身近な道具を使って播種・定植、刈り草はマルチに堆肥に活用……。畑の一部からでも始められる、「ちょこっと不耕起」のやり方について、福岡県の今村仁さんにご紹介いただきました。
執筆者:今村 仁(福岡県久留米市)
『現代農業』2026年10月号「分厚い刈り草マルチ 「鳥の巣栽培」が楽しい」より
アイドリングで管理しよう
私は農業関係の職場を定年退職後、再雇用で働くかたわら、耕作放棄地を荒れさせずに維持する方法を求めて、10aほどの畑であれこれ試しています。お金にはならないのにこんなことを大真面目でやっている理由は、農地を守ることはご先祖さまへの敬意だけでなく、地域の景観や日本の食料安保の点からもきわめて大切だと思うからです。そして、自分自身が楽しいから。「バッテン刈り」もそんな中から生まれました。
私は使われなくなった土地を、耕耘せず草刈りだけで管理し、いつでも作付けできる状態で維持することを目指しています。不耕起にするのは、耕耘しなくてよい分、管理がずっと簡単になるからです。ただ、ひと夏を通して草刈りだけを続けるのはモチベーションを維持することが難しいので、動機付けのために自給用のごく小規模な作物栽培と組み合わせる方法を提唱します。このような土地管理のやり方を、車の暖機運転になぞらえて「アイドリング農業」と名付けました。
できるだけ手間をかけずに、楽しく作物が育てられることが必須です。具体的な条件としては、なるべく不耕起。液体の薬剤散布はせず、まいてもせいぜいナメクジ対策の粒剤まで。定植時以外は原則無かん水で、施肥も最小限。道具は刈り払い機にノコギリ鎌やスコップといった小農具のみ。1~2週間に1回の手入れで収穫までたどり着ける、といったことです。
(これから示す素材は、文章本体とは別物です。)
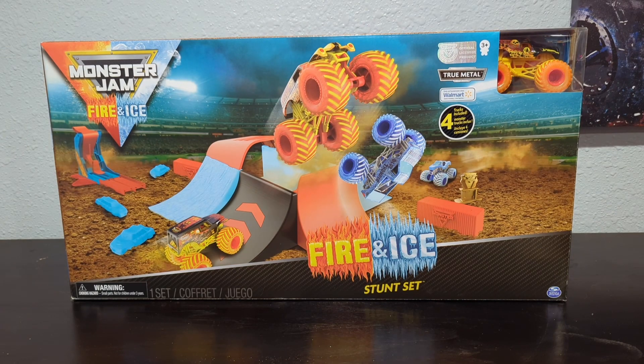Ladies and gentlemen, boys and girls, welcome back to Weston Racing. In today's video we're going to be taking a look at the 2019 Monster Jam Fire and Ice Stunt Set. I picked this up Black Friday 2019 and I've been holding on to it ever since. I still have not opened it because I was hoping to make a video on it, and the day has finally come.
そんな都合のよい農業なんてできるものか、という反論が聞こえそうですが、収穫物の外観と面積当たりの収量さえ気にしなければ案外できるのです。ただしいろいろな工夫は必要です。今回はその一つ、厚い刈り草マルチを使う栽培方法をご紹介します。
刈り草で「鳥の巣栽培」
自然農では刈り草マルチは普通に行なわれていますが、草を早い時期からごく厚く敷き、その中に穴をあけて植える栽培方法を、私は「鳥の巣栽培」と呼んでいます。苗を植え付けた光景が鳥の巣のように見えるからです。
▼秋から厚い刈り草マルチ
春に植える作物栽培を想定したとき、スタートは前年の秋になります。まず秋に、生い茂っている夏草を刈り倒し、その刈り草を周囲から集めて、栽培予定の場所にウネやマウンドのように盛り上げます。草は思い切って厚く、少なくとも30cm以上になるように敷きます。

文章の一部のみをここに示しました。